Know your priorities

In the summer of 2016, I moved in with my sister and her family. At the time she had three children at the ages of 4, 2 and newborn. On my day off from work I decided to go to the temple. As I was getting ready and about to leave my 4 year old nephew asked me where I was going. I told him I was going to the temple. He replied “because you’re not married yet?”. I just about died of laughter!

I share this experience because as I was reading “What I hope you would teach your children about  the temple” By Ezra Taft Benson he talks about how many times parents shy from teaching their children about the importance of covenant marriage because of the sacred nature of the temple ordinances. I thought about that experience and found it sweet that with such a young mind he knew that temples are where you get married. My sister showed the importance of the temple and marriages by letting her son know that is where you marry to be sealed for all time and eternity.

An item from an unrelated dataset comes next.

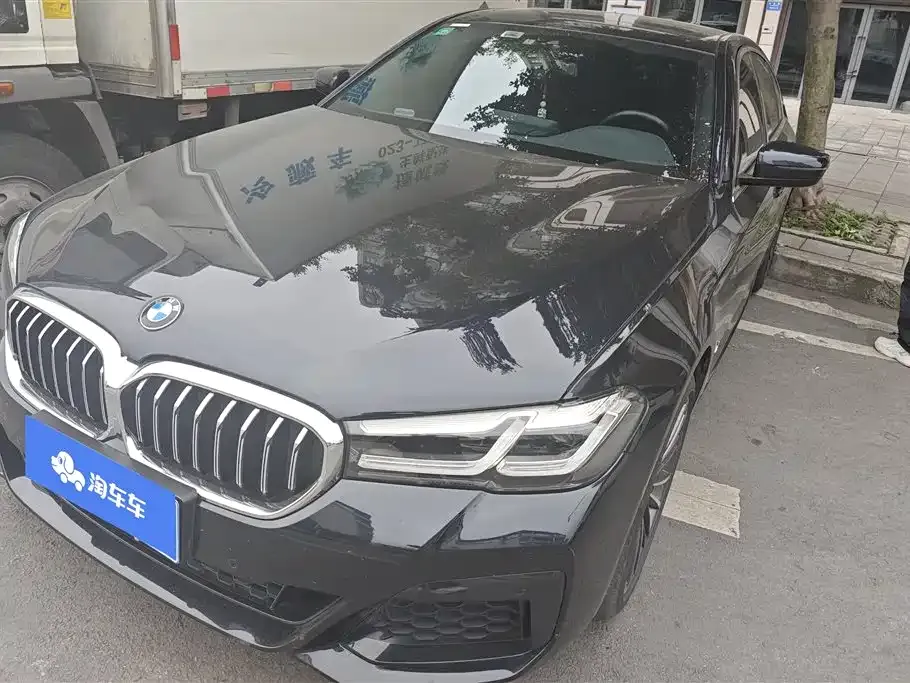 BMW 5 Series 2023 из CN, фото 1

But what is special of a covenant marriage in the temple? In Bruce C. Hafen’s article “Covenant Marriage” he shares his view of the difference between a covenant and a contract marriage between partners. “Contract companions each give 50 percent; covenant companions each give 100 percent“. In Heleman 5:12 we learn that Satan will send “mighty winds” to knock us off our foundation, but a covenant marriage is built on Christ and from the scripture we can understand that he can not knock us off as long as we stay firm to our covenants.

Prior to returning home form my mission, my mission president and his wife gave us leaving missionaries a fireside. One of the statements made was when picking a spouse make sure he/she had their priorities straight. The priority list is as follows “first the lord, second your spouse, and third your children”. When I think about having a covenant marriage I think about how I need to follow Christ and seek his kingdom first. Joseph Fielding Smith in his address “Fullness of the Priesthood” he says “There is nothing in all this world as important to each of us as putting first in our lives the things of God’s kingdom, as keeping the commandments, as magnifying our callings in the priesthood, as going to the house of the Lord and being offered the fullness of the blessings of our Father’s kingdom.” I know that when we put Christ first in our lives that our marriage and our family will be blessed and we will be able to withstand the storm Satan WILL send. Satan will not stop trying to knock us down.